Your assignment:
Reproduce exactly the lines from the one that holds "Sea's Embrace Series" through the last line of the entries, both ends included, but not the pictures.

Available data:
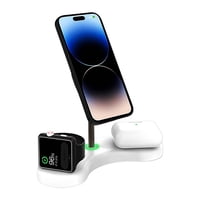 Genérico - Cargador Inalámbrico Magnético 3 En 1 Con Carga Rápida De 15 W, Rotación De 360° Y Soporte Para Teléfonos Inteligentes-Blanco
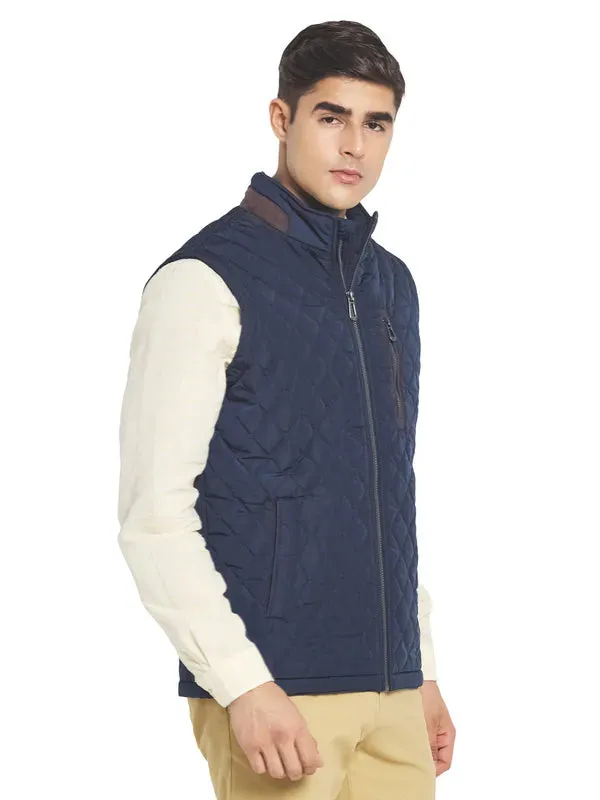 Mettle Men Navy Blue Solid Quilted Jacket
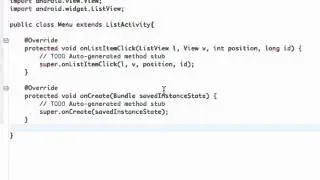 Android Programming Create a List Menu from the ListActivity class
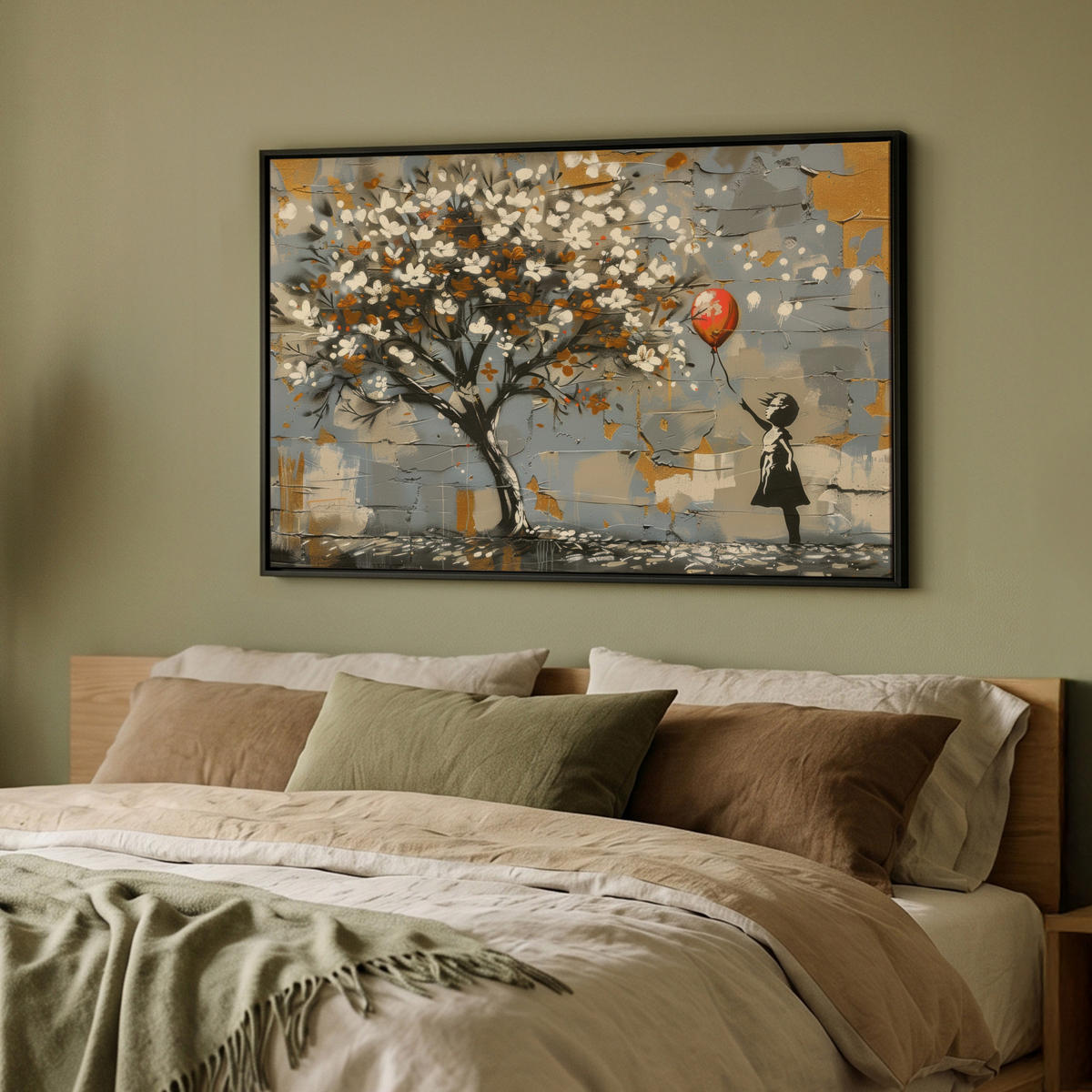 LEINWAND Bilder mit Rahmen - Baum - Graffiti - Banksy-Stil - Ballon-Mädchen - 90x60 - Blaugrau, Textil (90/60cm) - MuchoWow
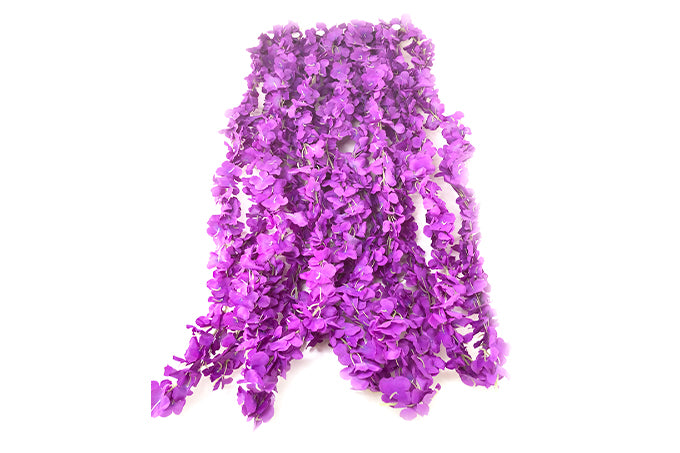 Kunstige Blomster Rank Hydrangena Lilla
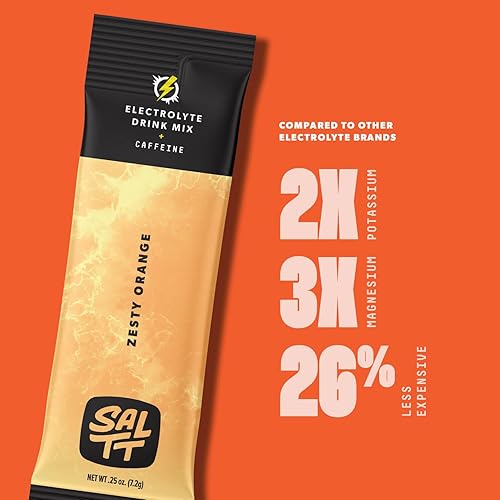 Miniatura 3 de SALTT - Mezcla de bebida con sabor a electrolitos en polvo, sabor a naranja picante, 30 paquetes de hidratación, magnesio, potasio, sodio,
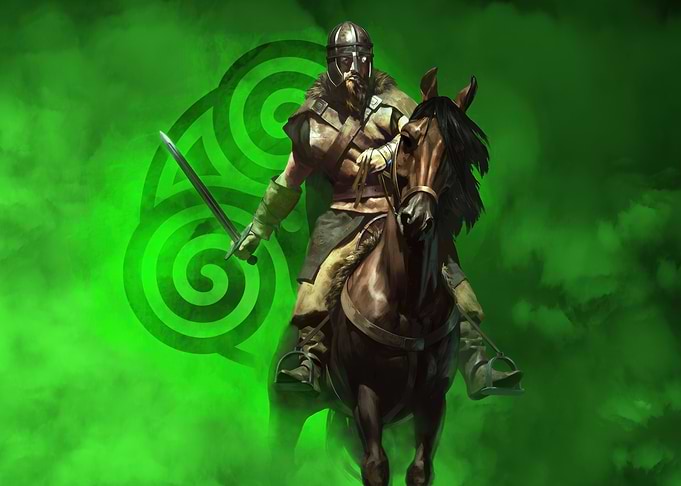 Warrior on Horse with Celtic Symbol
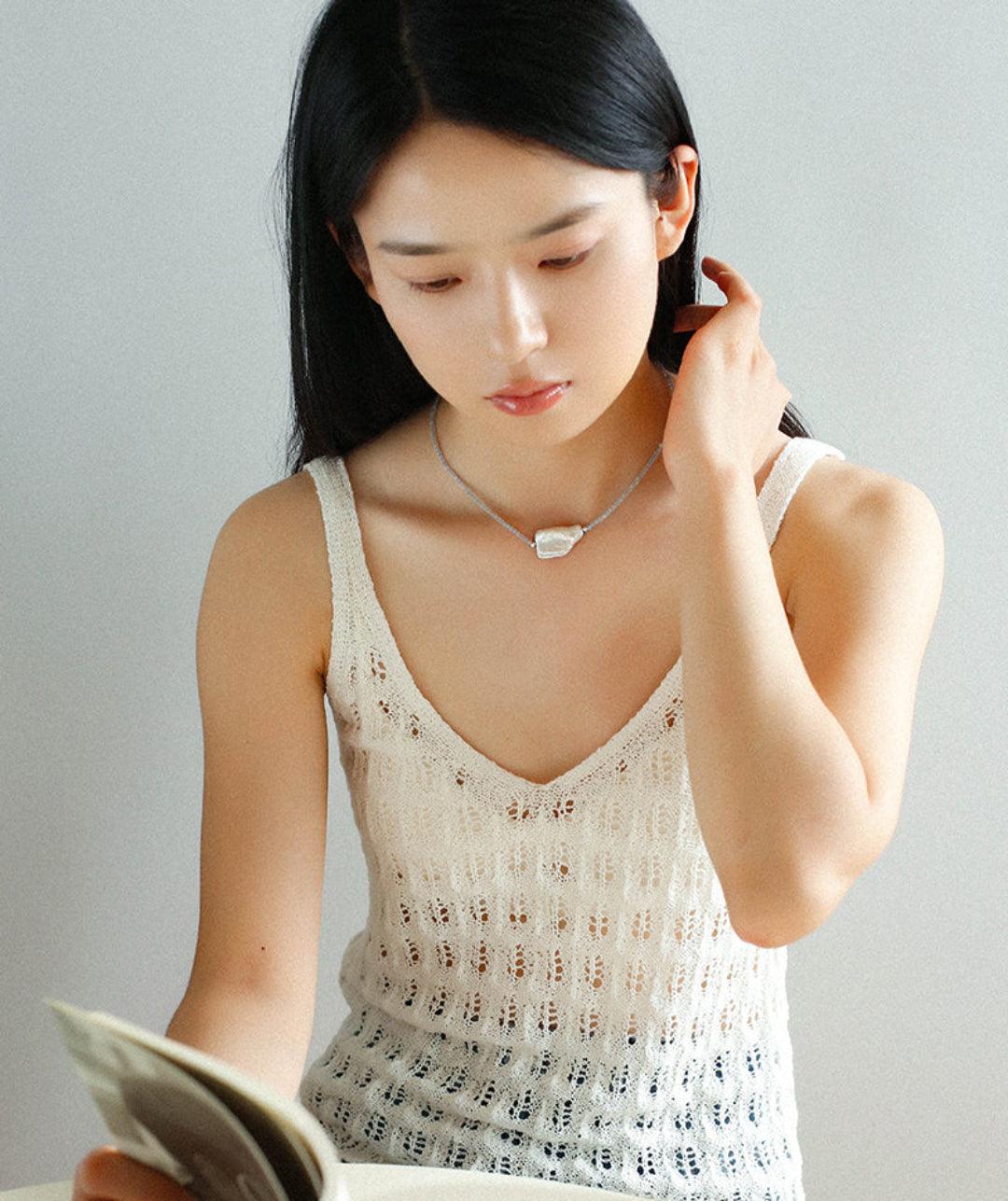 Sea's Embrace Series Aquamarine Pearl Necklace - Gembea Jewelry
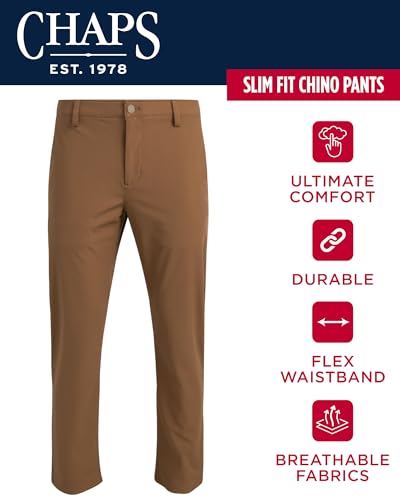 Chaps Men's Chino Pants - Slim Fit Comfort Stretch Straight Leg Dress Pants for Men - Men's Flexible Performance Work Pants2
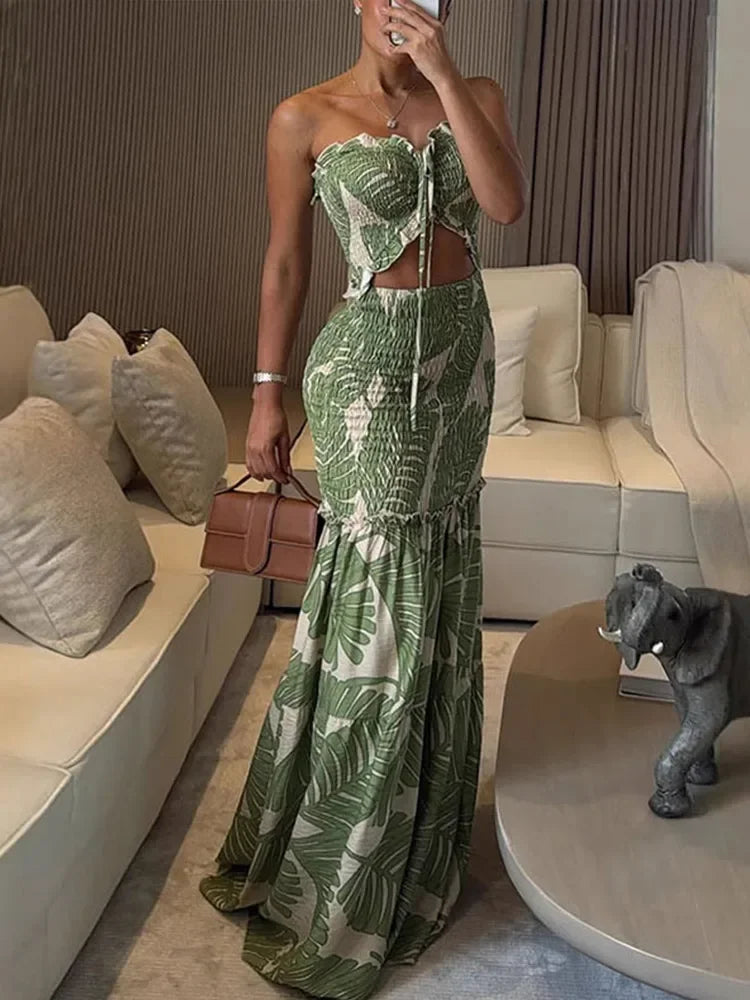 Aiertu  -  Chic  Hollow Out Printed Halter Long Dress Women Backless Off Shoulder Patchwork Ruffle Summer 2026 Dresses Party Vacation Robe Aiertu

Answer to this task:
 Sea's Embrace Series Aquamarine Pearl Necklace - Gembea Jewelry
 Chaps Men's Chino Pants - Slim Fit Comfort Stretch Straight Leg Dress Pants for Men - Men's Flexible Performance Work Pants2
 Aiertu  -  Chic  Hollow Out Printed Halter Long Dress Women Backless Off Shoulder Patchwork Ruffle Summer 2026 Dresses Party Vacation Robe Aiertu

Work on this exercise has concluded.